------ Input records

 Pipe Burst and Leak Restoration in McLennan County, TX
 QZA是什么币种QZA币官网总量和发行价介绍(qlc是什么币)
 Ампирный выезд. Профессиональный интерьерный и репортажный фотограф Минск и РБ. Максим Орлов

------------
------ Input records

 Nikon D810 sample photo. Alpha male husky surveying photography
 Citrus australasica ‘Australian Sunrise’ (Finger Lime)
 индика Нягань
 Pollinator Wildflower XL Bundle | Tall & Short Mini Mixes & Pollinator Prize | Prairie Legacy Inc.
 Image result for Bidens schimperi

------------

| Exercise objective |
A verbatim transcription is needed of the lines above, starting at the line with "QZA是什么币种QZA币官网总量和发行价介绍(qlc是什么币)" and ending at the line with "Ампирный выезд. Профессиональный", both included, and of nothing else.

| Output of the task |
 QZA是什么币种QZA币官网总量和发行价介绍(qlc是什么币)
 Ампирный выезд. Профессиональный интерьерный и репортажный фотограф Минск и РБ. Максим Орлов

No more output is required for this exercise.